On April 7, 2009, Tiger Kid participated in a 10-man Torneo cibernetico for the vacant CMLL World Super Lightweight Championship. The other participants included Rey Cometa, Pegasso, Pólvora, Ángel Azteca, Jr., Inquisidor, Súper Comando, Ángel de Oro, Ángel de Plata and eventual winner Mascara Dorada. Tiger Kid teamed up with Mr. Niebla, a member of La Peste Negra along with his uncles Negro Casas and El Felino, to participate in the 2009 Gran Alternativa tournament. The Gran Alternativa tournament is an annual CMLL tournament that teams a veteran and a rookie (Novato) up for a tag team tournament. In the first round Tiger Kid and Mr. Niebla defeated Blue Panther and Rey Cometa but lost in the semi-final to Místico and Ángel de Oro. On October 18, 2009, Tiger Kid was one of 12 wrestlers who put his mask on the line in a 12-man Luchas de Apuestas cage match. He was the third person to escape the cage keeping his mask safe, the final saw Pólvora pin Tigre Blanco to unmask him.

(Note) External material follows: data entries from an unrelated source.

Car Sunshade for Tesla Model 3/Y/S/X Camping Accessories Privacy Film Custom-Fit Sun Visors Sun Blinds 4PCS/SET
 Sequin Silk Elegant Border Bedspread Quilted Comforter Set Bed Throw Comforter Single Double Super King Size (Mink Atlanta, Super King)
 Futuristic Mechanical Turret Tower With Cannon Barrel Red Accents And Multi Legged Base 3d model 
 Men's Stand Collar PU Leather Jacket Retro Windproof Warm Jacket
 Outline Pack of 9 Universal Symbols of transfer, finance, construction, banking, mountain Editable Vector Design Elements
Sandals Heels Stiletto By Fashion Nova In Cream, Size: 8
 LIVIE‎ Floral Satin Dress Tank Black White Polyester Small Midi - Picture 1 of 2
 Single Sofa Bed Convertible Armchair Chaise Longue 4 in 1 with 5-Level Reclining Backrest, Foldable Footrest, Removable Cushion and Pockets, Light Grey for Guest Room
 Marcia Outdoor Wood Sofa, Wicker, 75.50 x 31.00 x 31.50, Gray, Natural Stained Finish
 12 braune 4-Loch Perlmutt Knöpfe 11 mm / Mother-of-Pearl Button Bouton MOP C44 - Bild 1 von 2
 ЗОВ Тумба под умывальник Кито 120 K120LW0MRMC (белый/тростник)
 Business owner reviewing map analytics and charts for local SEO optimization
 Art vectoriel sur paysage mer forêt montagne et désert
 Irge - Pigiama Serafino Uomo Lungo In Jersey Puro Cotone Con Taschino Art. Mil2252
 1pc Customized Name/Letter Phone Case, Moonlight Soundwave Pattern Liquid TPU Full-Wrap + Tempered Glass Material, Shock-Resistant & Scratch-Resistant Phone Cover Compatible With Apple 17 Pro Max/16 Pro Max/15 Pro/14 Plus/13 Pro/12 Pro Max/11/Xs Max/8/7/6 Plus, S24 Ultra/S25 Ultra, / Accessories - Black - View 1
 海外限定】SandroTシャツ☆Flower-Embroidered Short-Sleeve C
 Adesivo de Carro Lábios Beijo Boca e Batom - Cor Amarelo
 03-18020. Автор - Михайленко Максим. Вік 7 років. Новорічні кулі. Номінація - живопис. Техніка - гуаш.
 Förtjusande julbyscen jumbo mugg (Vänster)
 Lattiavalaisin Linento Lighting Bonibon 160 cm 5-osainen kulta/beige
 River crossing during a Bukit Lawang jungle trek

In February, 2010 both Tiger Kid and Puma King became involved in El Felino's ongoing feud against La Sombra. It all began on February 2, 2010, where Puma King dressed up like his uncle El Felino to distract La Sombra during a match. A later doubleganger act backfired though and saw El Felino lose to La Sombra, which saw the end of the Tiger Kid/Puma King aid in the storyline. On April 23, 2010, Puma King participated in the 2010 Gran Alternativa, this time teaming with his uncle El Felino. The team lost to eventual Block A winners Delta and Volador Jr. in the first round. Tiger Kid was one of 12 men who put their mask on the line as part of a 12-man steel cage match in the main event of the 2010 Infierno en el Ring. During the match he pulled his own brother down off the cage, sacrificing him in order for Tiger Kid to escape the cage and keep his mask safe. In the end Ángel de Oro defeated Fabián el Gitano in the Lucha de Apueta (bet match) portion of the match to unmask him. In June 2011, Tiger Kid's ring name was shortened to just "Tiger". On November 30, Tiger was introduced as the new third member of Rey Bucanero's and El Terrible's rudo stable La Fuerza TRT, replacing El Texano, Jr., who had left CMLL a week earlier. In March 2013 Tiger was forced to team up with Delta to compete in the 2013 Torneo Nacional de Parejas Increibles ("National Incredible Pairs Tournament") where the concept was that rivals, or at least wrestlers on opposite sides of the rudo/tecnico divide would team up for a tag team tournament. Tiger and Delta had no previous rivalry and in fact wore matching colored outfits for the tournament as a sign of team unity. Despite their unity the team was eliminated by the team of Blue Panther and Rey Escorpión in the first round of the tournament. On August 11, Terrible and Bucanero kicked Tiger out of La Fuerza TRT and gave his spot over to Vangelis.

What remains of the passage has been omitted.